Restaurar a partir de uma cópia antiga

Desde que tenho um iPhone que sei que, mais cedo ou mais tarde, a minha mulher vai exigir o divórcio. A culpa é de uma funcionalidade do aparelho.

(Não é, posso garantir, a aplicação que vai permitir enviar cheiros pelo telefone. É falso que haja um problema de odores cá em casa. É falso que a minha alcunha seja Feromonas Assassinas. É falso que a minha mulher use canários para saber se pode entrar no nosso quarto. Também não é por causa do meu vício no jogo 2048, uma espécie de Sudoku amancebado com Tetris, divertimento para TOC [Técnicos Oficiais de Contas] maníacos que têm de fazer com que os números batam certos, mas que acabam invariavelmente por perder o controlo, como um contabilista do BES.)

Refiro-me à funcionalidade que permite instalar, num telefone novo, tudo o que tínhamos no antigo. Hoje em dia, mudar de telefone já não é uma maçada. Podemos copiar tudo o que tínhamos no antigo e passar para o novo. Não perdemos contactos, mensagens, notas, aplicações, fotografias, nada.

Tenho a certeza de que a minha mulher só não me pôs a andar por causa do tempo que já gastou a treinar-me e do trabalho que teria a formar um substituto. Se calha disponibilizarem este serviço para maridos, estou tramado.
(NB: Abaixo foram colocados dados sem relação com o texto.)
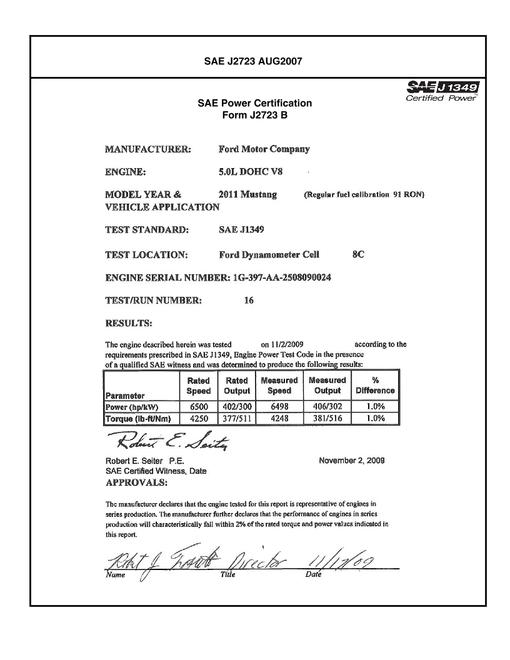 SAE CPFD2_11MST91RO SAE CPFD2_11MST91RO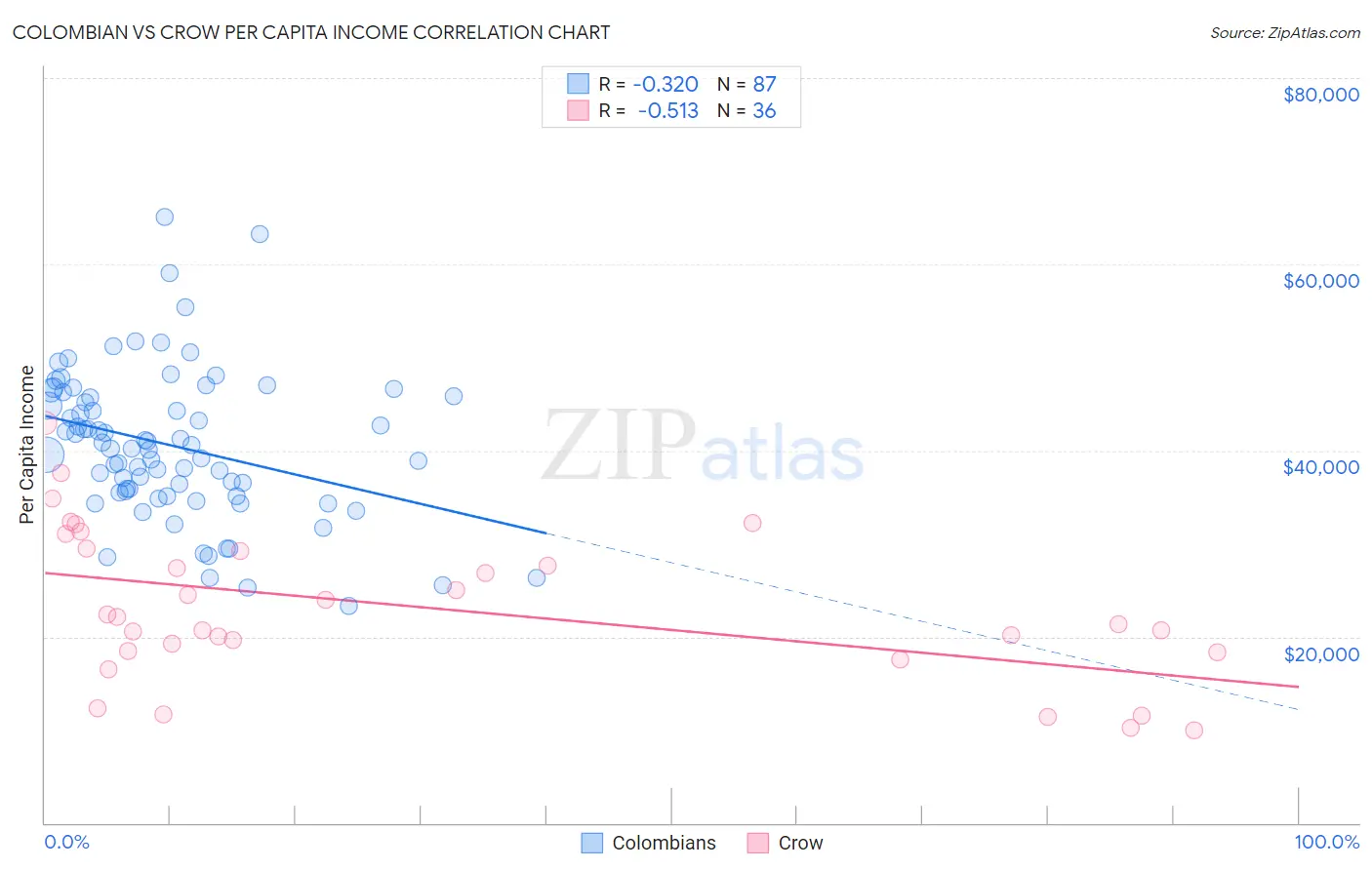 Colombian vs Crow Per Capita Income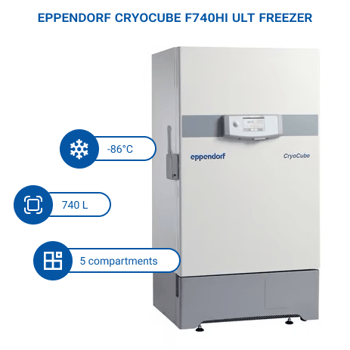 Eppendorf CryoCube F740hi ultra-low temperature freezer in white with digital control panel, labeled -86°C, 740 L capacity, and 5 compartments.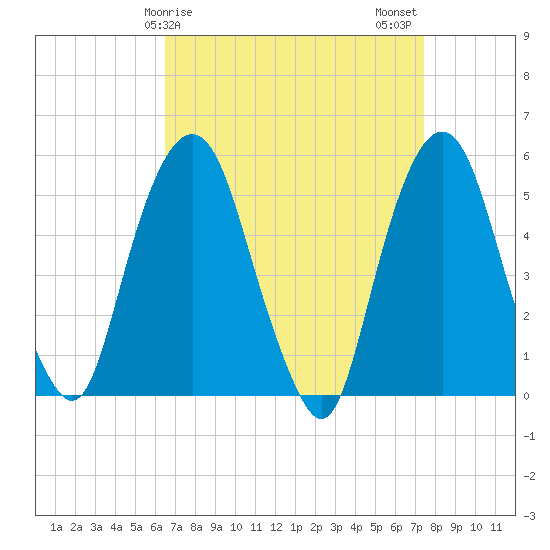 North Secaucus tide chart for Saturday, April 6, 2024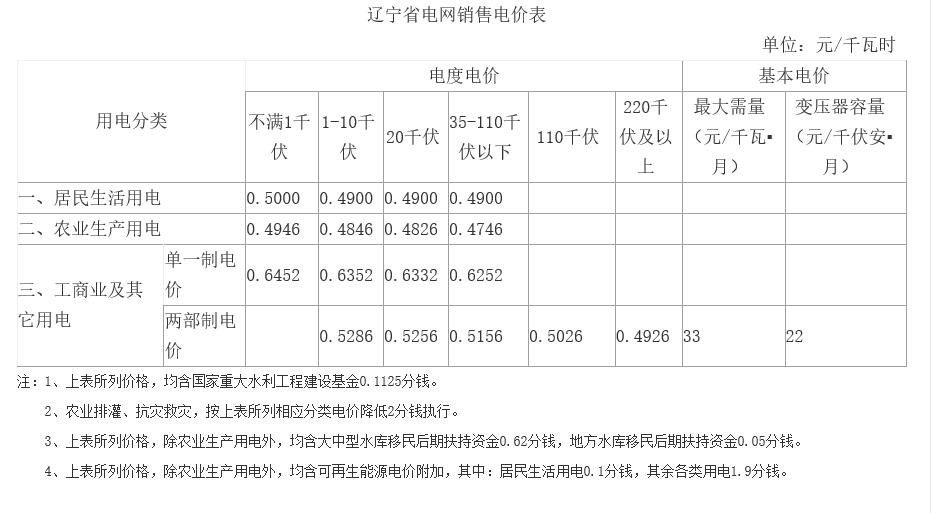 遼寧第二次降電價：一般工商業(yè)目錄銷售電價、輸配電價降低5.01分/千瓦時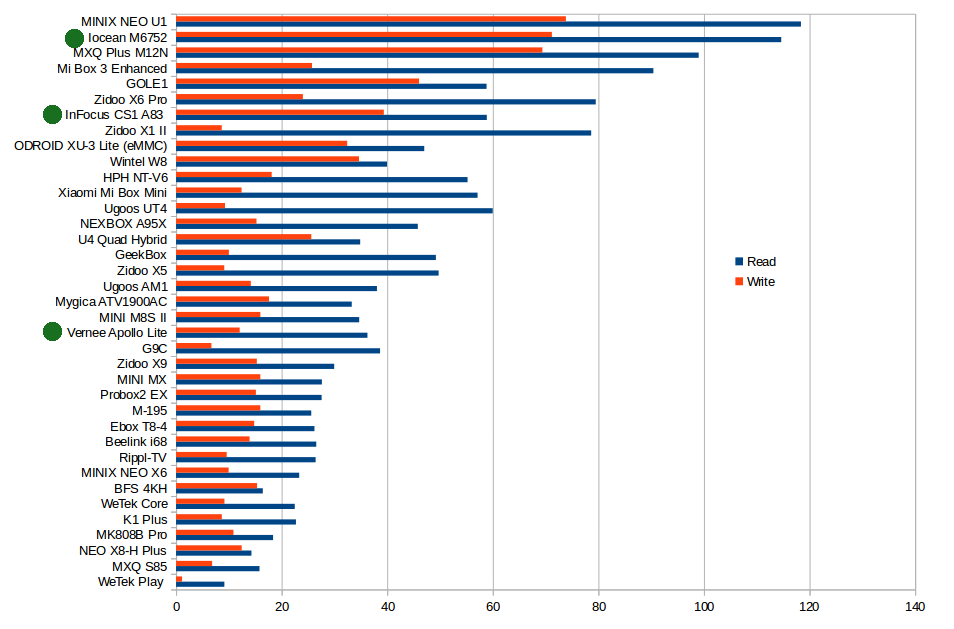 Read and Write Speeds in MB/s - Click to Enlarge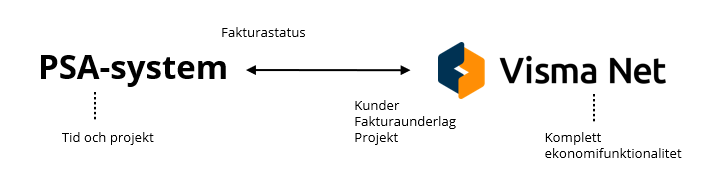 Bilden visar flödet mellan PSA-system som Intelliplan eller Recman exempelvis till VIsma Net för fakturaunderlag, projekt och kunder.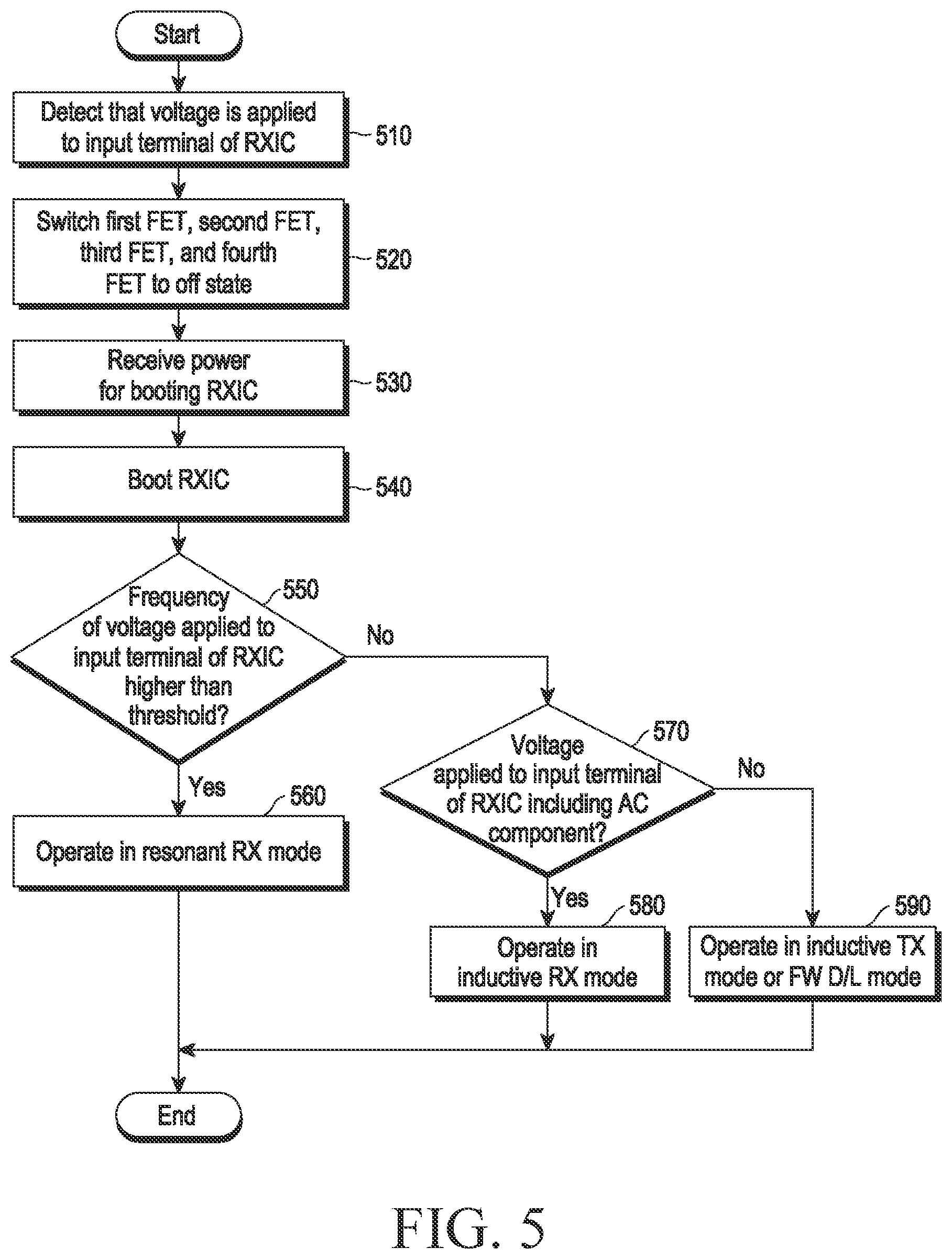 Patent US12308660 Figure 6 – Wireless power receiver, and method performed by wireless power receiver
Durante anos, a minha mulher doutrinou-me numa série de questões domésticas e fez de mim um marido aceitável. Hoje em dia ela quase não precisa gritar para eu substituir o rolo de papel higiénico. Também aprendi a dobrar roupa antes de a meter na gaveta. Lembro-me da conversa como se fosse hoje:

— Achas que isto está bem dobrado?

— Não, uma vez que nem sequer está dobrado. Está enfiado.

— És uma besta.

Sou, actualmente, dos melhores maridos do mundo a fingir-se atento a séries que as mulheres acompanham. Não percebo como é que não há um grupo de cientistas a estudar esta minha capacidade. “Simulação de interesse por banda de cônjuges em drama televisivo por episódios — Um estudo”. O truque é, em cada episódio, fazer uma pergunta específica sobre um protagonista, mas suficientemente genérica para se adaptar a qualquer outra personagem. Tipo: “Este não tinha morrido?” ou “Como é que ela volta sempre para este rapaz, que a trata tão mal?” Posso dizer que vi desta forma todas as temporadas de A Anatomia de Grey e nem sei qual dos polícias é o Grey.

Até agora tenho-me sentido seguro. Mas durante quanto tempo? Imagino a coisa a passar-se assim: a minha mulher olha para mim com o seu típico ar de desprezo, mas desta feita não me diz para tirar os pés de cima da mesinha, nem para parar de dar traques. Sai de casa e, passados cinco minutos, volta com um indivíduo. Mais jovem, mais bonito, mais alto. Liga-o a um cabo USB e, passado um bocado, o rapaz vem ter comigo e diz: “Tenho imensa pena, pá, mas tens de ir embora. Aqui entre nós, ia contigo beber uma cerveja, mas tenho medo da reacção dela. Acho que me pode bater.” Então saberei que, em dois minutos, ele absorveu via USB tudo aquilo que a minha mulher levou anos a ensinar-me.